At 1:53 p.m., Heath Connolly arrived at the Hoover Building in the backseat of a Suburban. The political operative held up a manila folder to shield his face from the photographers and to avoid the cameras of the news media as they pulled in under the Hoover Building.

Ever since Kentucky he’d been walking on egg shells, worried that this time would come. This was particularly so when he learned that the Bishop’s men failed to retrieve the last of the evidence at McCormick’s house.
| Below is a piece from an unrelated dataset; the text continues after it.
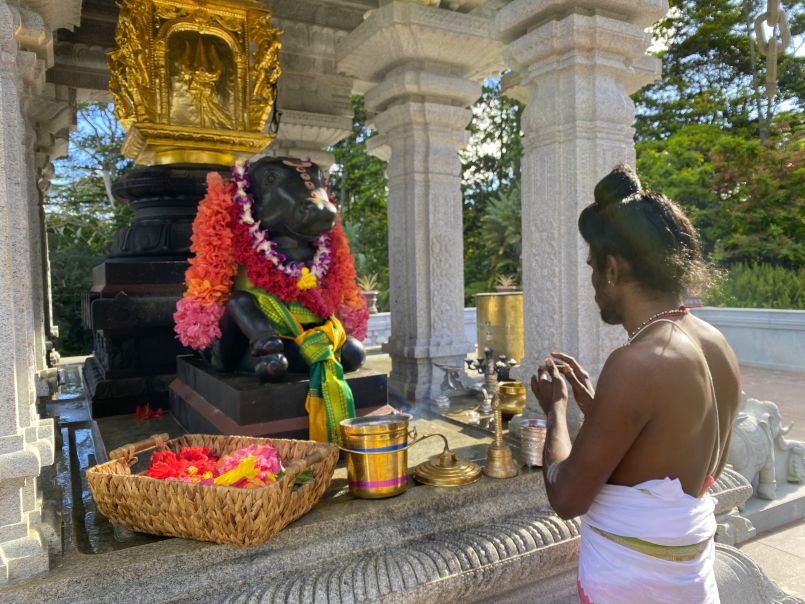 Pradosha Puja at Iraivan Temple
When that all fell into the hands of the authorities, he knew this moment was coming.

The vice president was incensed.

The arrangement between Vice President Donald Wellesley and Heath Connolly was never one of mutual admiration or desire. Vice President Wellesley was the next in line for the Republican nomination and there were no real serious challengers for the job. Heath Connolly was the best political operator in the Republican Party, had never lost an election, was good friends with Donald Wellesley Jr. and there were no real serious challengers for the job.

Yet, while the pairing seemed like a natural combination on paper, the two men were very different.